Panic and Withdrawals
The problem is now that there's a real loss among stablecoin lenders for those who were lending to xUSD-collateralized borrowers, and for those who straight up held xUSD, there's some panic to withdraw from other markets — a realization that there's some real risk, even though nearly all of these existing isolated markets have zero exposure to the damage from xUSD. Nearly all these loopers can unwind positions safely. And as they do, certain lenders might choose to withdraw for whatever reason they have (fear, panic, worry over contagion).
The Unwind Begins
So with that desire to exit other markets, there's a demand that suddenly cannot be met without borrowers paying back their debt — but with so much looping, many of the largest lenders are also borrowers, because they were looping too. That means we will simply see more market participants, including curators who are running their own liquid strategies, unwind their looped stablecoin positions. In order for that to happen, interest rates had to spike on many of these isolated markets to scare loopers and incentivize them out of their positions.
My Own Experience
I woke up this morning to a few of my own looped-up positions, which although they were safe and unexposed to any of the xUSD debacle, the markets were suddenly 100% utilized because other lenders have withdrawn excess stablecoin liquidity to either exit completely or move to other markets. For someone like me in a looped PT-stablecoin position, it's not a big deal — just means my looping is no longer profitable as I earn 15-20% fixed on collateral while borrowing at 30-40% in debt. So I'll unwind it by withdrawing PT collateral, swapping back to USDC, paying back my USDC, withdrawing more PT collateral, etc. As I do so, it will free up capital for lenders to withdraw, even though I'm a small fish in a big pond.
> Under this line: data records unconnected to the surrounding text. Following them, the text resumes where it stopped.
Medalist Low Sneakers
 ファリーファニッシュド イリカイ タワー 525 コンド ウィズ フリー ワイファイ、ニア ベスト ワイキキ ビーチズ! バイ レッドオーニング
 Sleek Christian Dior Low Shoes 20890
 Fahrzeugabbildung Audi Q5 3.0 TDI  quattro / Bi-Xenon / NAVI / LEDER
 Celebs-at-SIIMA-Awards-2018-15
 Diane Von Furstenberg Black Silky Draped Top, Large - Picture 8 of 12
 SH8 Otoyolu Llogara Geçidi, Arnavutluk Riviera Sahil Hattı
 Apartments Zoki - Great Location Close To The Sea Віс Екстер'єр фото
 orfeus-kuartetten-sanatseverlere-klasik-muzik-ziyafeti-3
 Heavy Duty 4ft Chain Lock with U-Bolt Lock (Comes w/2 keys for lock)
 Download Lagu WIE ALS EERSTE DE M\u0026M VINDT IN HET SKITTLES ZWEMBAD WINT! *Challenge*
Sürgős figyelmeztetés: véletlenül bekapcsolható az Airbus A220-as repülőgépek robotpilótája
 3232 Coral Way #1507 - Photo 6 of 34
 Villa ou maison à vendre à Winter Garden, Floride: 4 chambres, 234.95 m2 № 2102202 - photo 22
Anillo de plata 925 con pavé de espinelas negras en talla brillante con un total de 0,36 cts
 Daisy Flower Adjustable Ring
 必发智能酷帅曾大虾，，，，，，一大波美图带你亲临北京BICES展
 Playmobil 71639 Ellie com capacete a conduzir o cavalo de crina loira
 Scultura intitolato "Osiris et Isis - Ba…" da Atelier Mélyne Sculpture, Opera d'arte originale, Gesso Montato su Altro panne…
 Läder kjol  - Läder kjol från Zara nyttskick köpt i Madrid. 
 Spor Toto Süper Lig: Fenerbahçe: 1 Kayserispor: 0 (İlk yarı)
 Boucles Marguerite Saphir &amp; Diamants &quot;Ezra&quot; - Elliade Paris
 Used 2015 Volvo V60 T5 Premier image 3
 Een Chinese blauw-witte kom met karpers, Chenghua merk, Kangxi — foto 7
There's nothing to stop me from unwinding right now; it just takes a few minutes of effort. My guess is bigger money is doing the same thing because there's no more certainty that rates will return back down and the same liquidity will generously be allocated by MMs/curators to sustain lower interest rates in these curated markets.
We Are Still Better Off Than Last Cycle
I am optimistic that we have come a long way since 2021/2022 and despite a number of blow-ups yet to surface from Oct 10th and the lost money from this xUSD meltdown, a lot of this is relatively safe stablecoin leverage that was flying high due to mispriced borrowing rates — and so now it needs to unwind a bit. My advice is if you're not 100% certain of what you're lending to or exposed to, or you just have trouble sleeping on any exposure, just unwind it and exit. I exited leveraged PT looping in profit. If you looped up with locked-in higher PT rates, that's a consideration too, but for the most part, there's always more Pendle PT lending opportunities so exiting now shouldn't weigh too much on you.
Final Thoughts
At the end of the day, this isn’t the same kind of contagion we saw in 2022 — it’s a market self-correcting after a year of mispriced risk. The tools worked. The systems held. What’s happening now is a healthy flush of over-leveraged yield chasing. If you’re uncertain, unwind and sleep better — but remember, DeFi always rebuilds stronger, and smarter, with each cycle.
Note: I normally edit my thoughts more carefully but for once, I’m just publishing my more unfiltered thoughts on this situation still unfolding. It’s not a nothing-burger but DeFi is working.